During fiscal 2009, $6.7 million relating to a distribution center within the Wholesale segment was reclassified to a long-term asset available for sale within Other assets in the Consolidated Balance Sheets. This asset is still being held for sale as of January 31, 2010 and as such is not being depreciated but rather accounted for at fair value. We evaluate the asset for impairment and in fiscal 2010 this asset was impaired by an additional $0.4 million and has been more aggressively marketed.

The principal estimated lives used in determining depreciation are as follows:
 
Buildings
27 to 40 years
Leasehold improvements
5 to 10 years
Machinery and equipment
5 to 12 years
Office furniture, data processing equipment and software
3  to 7  years
 
Goodwill and Other Indefinite Lived Intangibles

Goodwill is subject to an assessment for impairment using a two-step fair value-based test and as such other intangibles are also subject to impairment reviews, which must be performed at least annually or more frequently if events or circumstances indicate that goodwill or other indefinite lived intangibles might be impaired.

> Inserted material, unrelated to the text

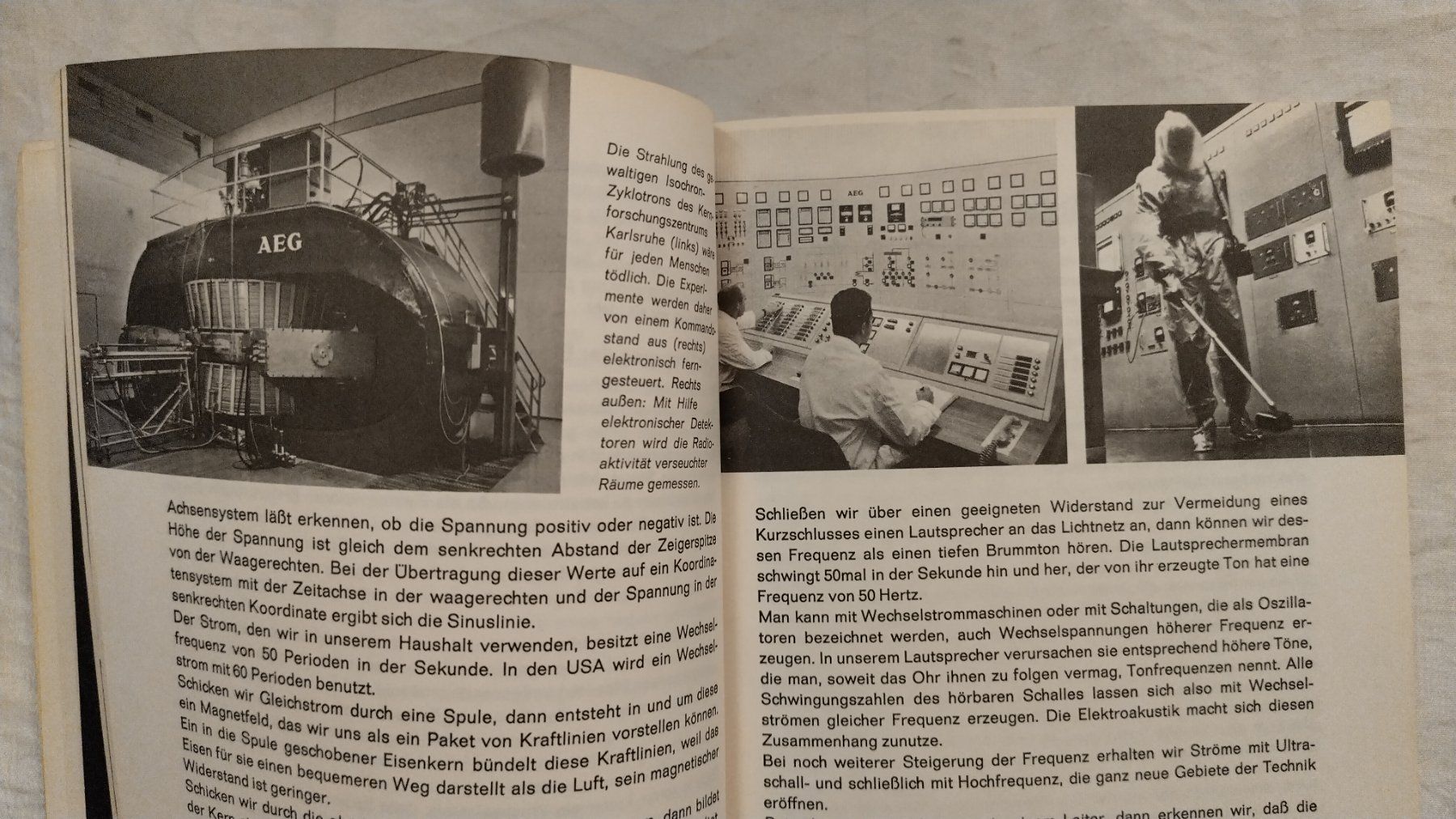 Bücher: Zauberreich der Elektronen - Vom Transistor zum Computer – Gebraucht aus Bellach von JingleJerry 2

The Company performs its annual assessment of impairment as of January 31.  For goodwill, the first step is to identify whether a potential impairment exists. This is done by comparing the fair value of a reporting unit to its carrying amount, including goodwill.  Fair value for each of the Company’s reporting units is estimated utilizing a combination of valuation techniques, namely the discounted cash flow methodology and the market multiple methodology. The discounted cash flow methodology assumes the fair value of an asset can be estimated by the economic benefit or net cash flows the asset will generate over the life of the asset, discounted to its present value. The discounting process uses a rate of return that accounts for both the time value of money and the investment risk factors. The market multiple methodology estimates fair value based on what other participants in the market have recently paid for reasonably similar assets. Adjustments are made to compensate for differences between the reasonably similar assets and the assets being valued. If the
fair value of the reporting unit exceeds the carrying value, no further analysis is necessary. The fair value of the reporting units is derived by using a combination of the two valuation techniques described above.  If the carrying amount of the reporting unit exceeds its fair value, the second step is performed. The second step compares the carrying amount of the goodwill to the estimated fair value of the goodwill. If fair value is less than the carrying amount, an impairment loss is reported as a reduction to the goodwill and a charge to operating expense.

 
 
BLYTH, INC. AND SUBSIDIARIES
Notes to Consolidated Financial Statements

Note 1.                           Summary of Significant Accounting Policies (continued)
 
Impairment of Long-Lived Assets

The Company reviews long-lived assets, including property, plant and equipment, and finite- lived intangible assets for impairment whenever events or changes in circumstances indicate that the carrying amount of such an asset may not be recoverable. An impairment is measured as the excess of the carrying value over the fair value of the long-lived asset. Management will determine whether there has been an impairment on such assets held for use in the business by comparing anticipated undiscounted future cash flows from the use and eventual disposition of the asset or asset group to the carrying value of the asset.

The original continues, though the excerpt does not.